Do you see yourself quitting radio anytime soon?
No, I actually enjoy what I am doing. I am having fun doing it. I see myself adding to radio but I don’t see myself quitting. I play good music, I get to have people in my show who make me laugh, it is been a lot of fun.
You also started The Juice? As a TV series, what inspired it?
It is a celebrity talk show. We bring on set a celebrity that people are talking about; we interview such and extract what people don’t know about the person. The audience responses have been massive. They wanted more of The Juice, and we had to listen to them.
You have featured a lot of celebrities; which celebrity interview was most exciting for you?
All have been exciting in different ways, some because the guests said things they shouldn’t have, and some because they were absolutely hilarious. All the celebrities have an inspiring story to tell. They have had to overcome different obstacles to get to where they are now, which makes each story inspiring in their different ways.
A lot of people still feel your privileged background fast track your career rise. Do you agree?
That is not true. For the early years of my career, a lot of people didn’t know my surname, and were not really aware of my ‘privileged background’. My family have been supportive, but they don’t really get involved. My father wanted me to be a doctor or lawyer, so he wasn’t particularly thrilled with my decision to get into entertainment. Now, he sees me on TV, in magazines, hears me on radio and he respects how hard I have worked.
You have had both radio and television experiences, which is more challenging for you and which one do you find more preferable?
I started doing radio. I am definitely more comfortable there. Television needs more focus and skills, but it is still very enjoyable.
Female OAPs attract a lot of attention from men. How do you handle yours?
I actually try not to think about it too much.
Define your style?
I tend to go for outfits that are comfortable and styles that suit me. I have very sensitive skin that reacts to everything. So my beauty routine consists of regular facials, making sure I take off my makeup and using sunscreen.
If I have to take a peep into your wardrobe what would I see as the dominant item?

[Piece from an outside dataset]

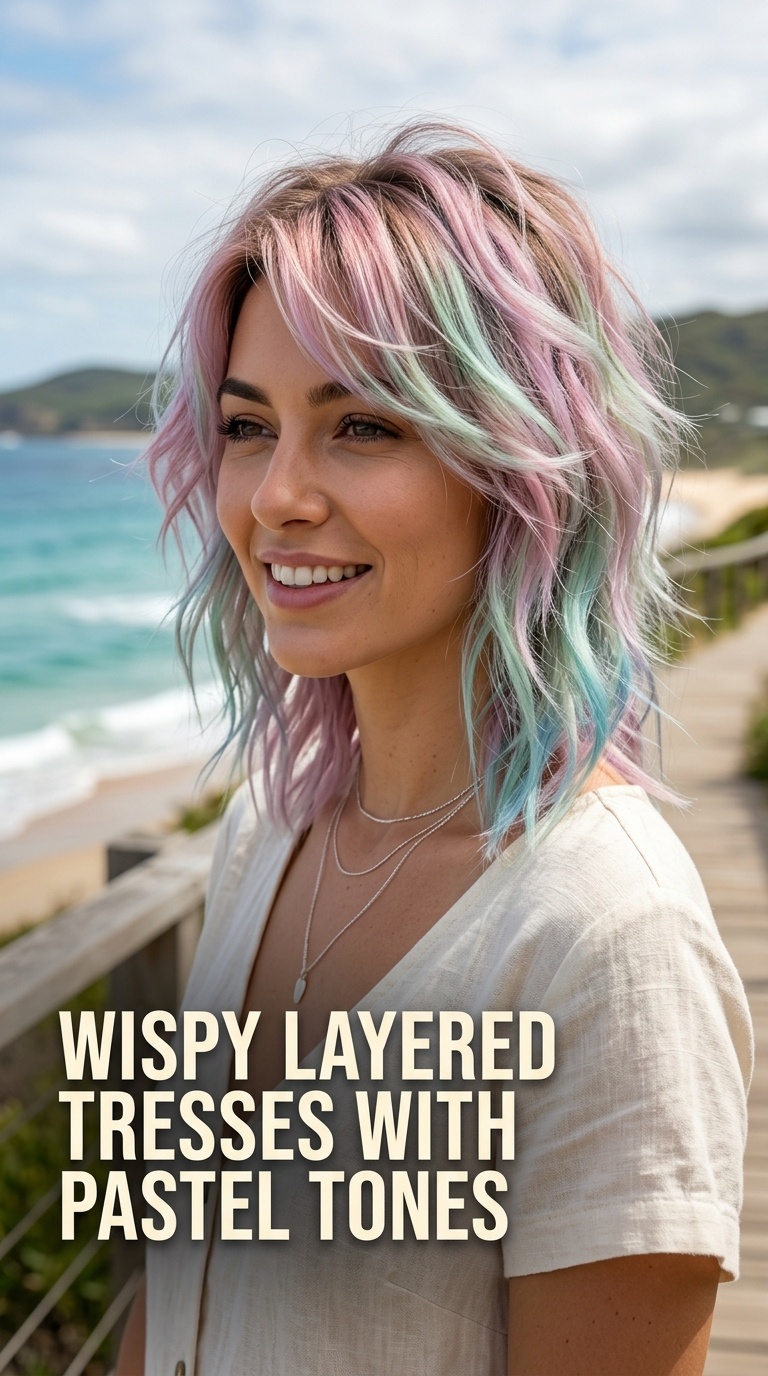 Wispy Layered Tresses with Pastel Tones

Shoes. I love shoes, they are my babies.
How do you keep fit?
I try to get in at least 30 minutes of exercise every day, either cross training or on the treadmill, sometimes kickboxing; so don’t think for one minute I don’t work hard for that figure. Beauty is hard work, ask anybody in the fashion and beauty business. It is a misconception that if you are skinny you are healthy. It is about accepting yourself and your body shape and being healthy. You have people that some might consider big but are actually very active.